» Exercise requirements
In the entries below, find the line with "vidaXL Garden Chairs" and the line with "Anime Town Creations", then retype both and everything between them exactly. Do not copy the pictures.

» Given records
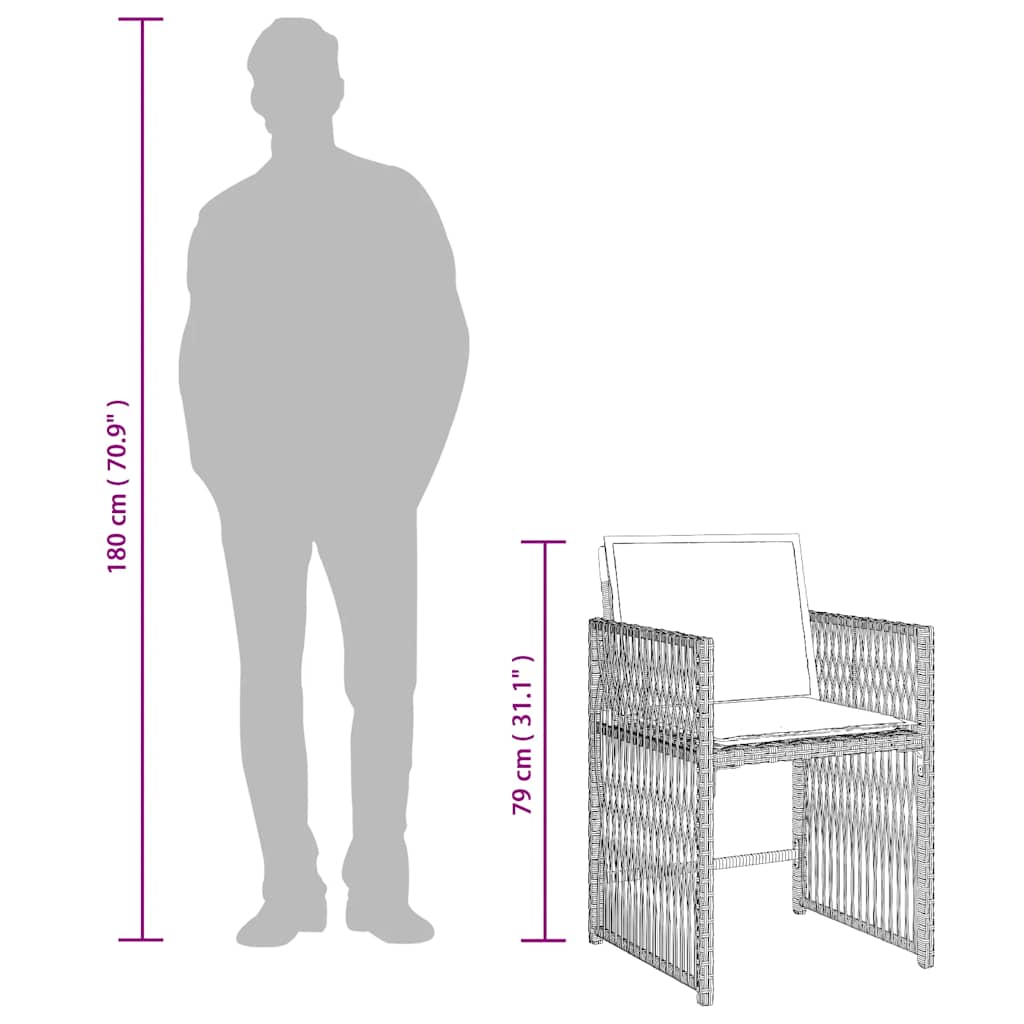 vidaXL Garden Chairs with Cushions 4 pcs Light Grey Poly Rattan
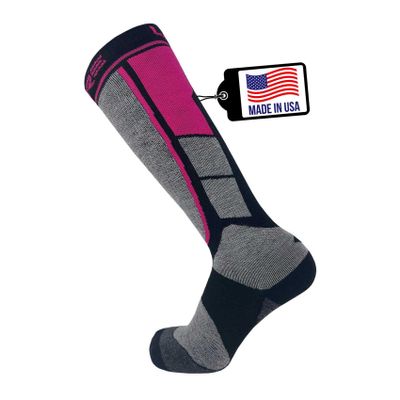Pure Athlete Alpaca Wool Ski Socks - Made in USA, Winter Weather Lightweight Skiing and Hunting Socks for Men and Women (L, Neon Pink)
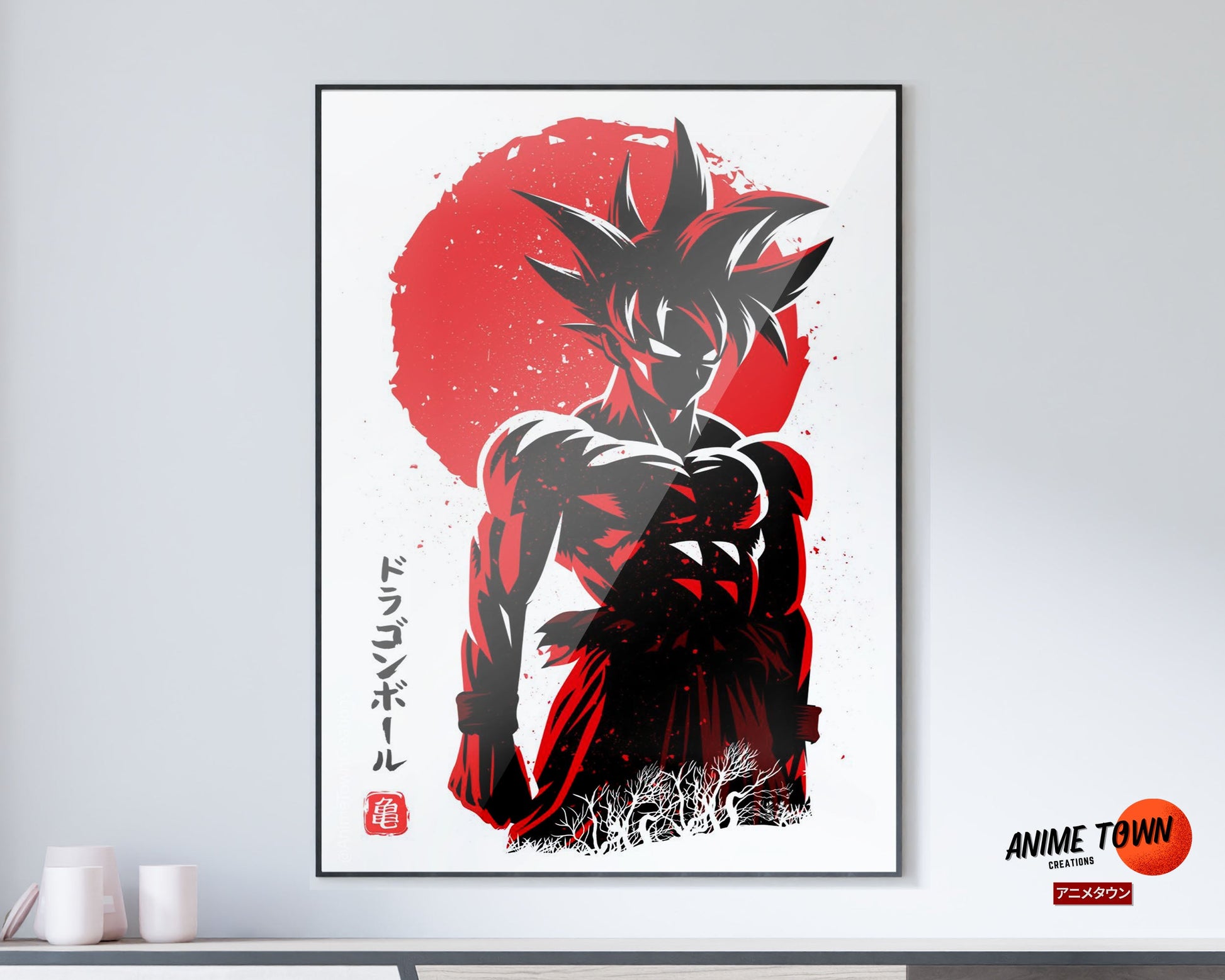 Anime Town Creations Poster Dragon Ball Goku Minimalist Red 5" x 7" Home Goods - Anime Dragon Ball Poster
* * *
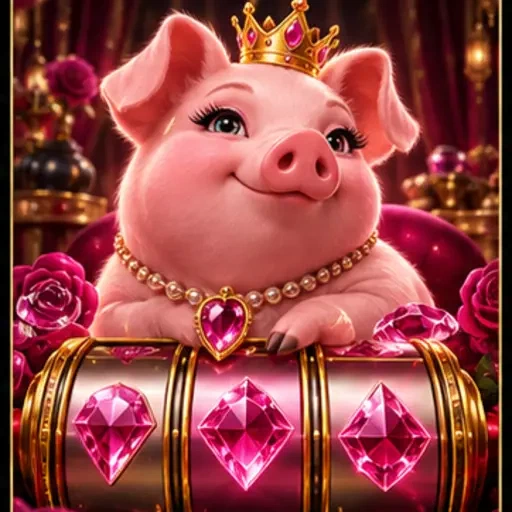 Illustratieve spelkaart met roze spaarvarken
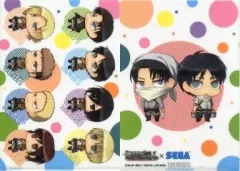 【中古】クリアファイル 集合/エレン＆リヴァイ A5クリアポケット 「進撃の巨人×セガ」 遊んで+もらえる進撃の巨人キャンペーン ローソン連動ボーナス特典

» Result for this exercise
 vidaXL Garden Chairs with Cushions 4 pcs Light Grey Poly Rattan
Pure Athlete Alpaca Wool Ski Socks - Made in USA, Winter Weather Lightweight Skiing and Hunting Socks for Men and Women (L, Neon Pink)
 Anime Town Creations Poster Dragon Ball Goku Minimalist Red 5" x 7" Home Goods - Anime Dragon Ball Poster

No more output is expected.